Oxidation is one of the most effective processes in removing arsenic from your drinking water. Most arsenic treatment systems have an oxidization step in their treatment process because it coverts arsenic into arsenate. Arsenate is an insoluble compound that makes removing it from water easier. Treatment systems tend to perform the oxidation process by injecting oxygen, hypochlorite, permanganate, and hydrogen peroxide into the water. Some technologies use a process known as passive sedimentation, in which water is exposed to the natural oxygen in the air to remove arsenic in the water. Such a process is time-consuming but effective. More traditional sedimentation uses has small amounts of iron precipitated into the water to help aid in the oxidation process and remove arsenic faster. This is done through the treatment system’s aquifer so that any leftover arsenic and iron are left behind when water reaches your sink or drinking glass.
Coagulation and filtration use a combination of both mineral salts and decomposed limestone to remove arsenic from water.

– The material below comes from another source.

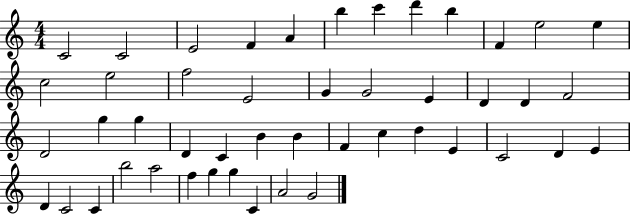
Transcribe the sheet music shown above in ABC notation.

During the coagulation process, arsenic is precipitated into an insoluble compound, making it easier to remove from water. The new compound is then exposed to metallic compounds using co-precipitation, where it is absorbed by the metallic compounds. The water treatment systems use coagulation, a combination of alum, ferric chloride, and ferric sulphate to remove arsenic. This process has been tested by labs and is under government regulation and certification. One of the ways coagulation is used in water treatment technologies is through the bucket treatment unit. This process uses two buckets to manually treat and filter water to a pair of large buckets. Other technologies use the naturally found iron in ground water to help decompose and filter out unwanted arsenic. The aquifer prevents unwanted iron from being left in your drinking water.

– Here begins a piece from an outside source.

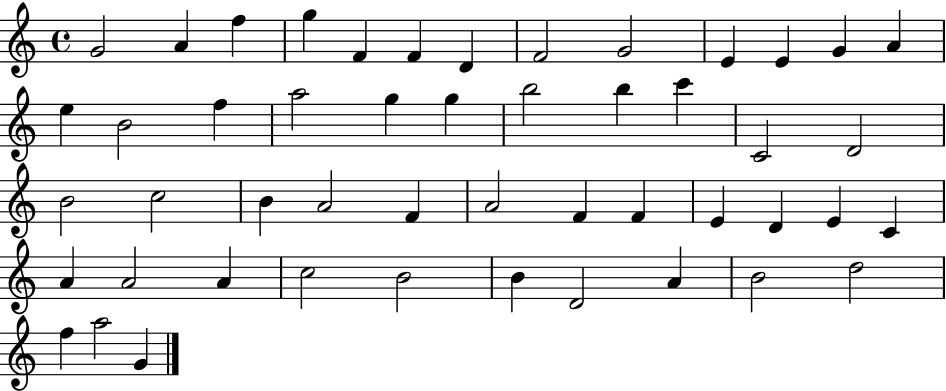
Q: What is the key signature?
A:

Sorptive Filtration Processes
Sorptive filtration uses various types of media to remove arsenic from your drinking water. One of these media is known as activated alumina, which uses alumina grains to absorb arsenic from a large water surface area. The surface area is divided into several columns. Once the upper part of the column becomes saturated, the rest of the column becomes saturated as water flows downward, removing all impurities from it. Granular ferric hydroxide acts similar to filters that absorb impurities such as arsenic from the water as it flows through them. However, these filters can become clogged if high concentrations of iron are found in the water’s composition. Other treatment media use a combination of iron-coated sand or brick chips along with ferrous sulphate solution to create a filtering agent to absorb arsenic and other impurities from water as it passes though the treatment system’s water tubes.
Ion Exchange Processes
Ion exchange uses similar processes to activated alumina. The difference is that it uses a synthetic resin, also called a matrix, that separates various compounds and substances found in water into different groups. While other processes are influenced by the water’s pH balance to function correctly, ion exchange is less influenced by it. This process does not remove arsenic from water, but rather arsenic is collected in the synthetic resin, where it is removed during the ion exchange process. Any excess oxidants need to be removed for the ion exchange to take place to prevent the synthetic resin from being damaged. This resin can wear down after continuous use and needs to be replenished regularly. However, washing the medium with a sodium chloride solution will regenerate the ion exchange resin.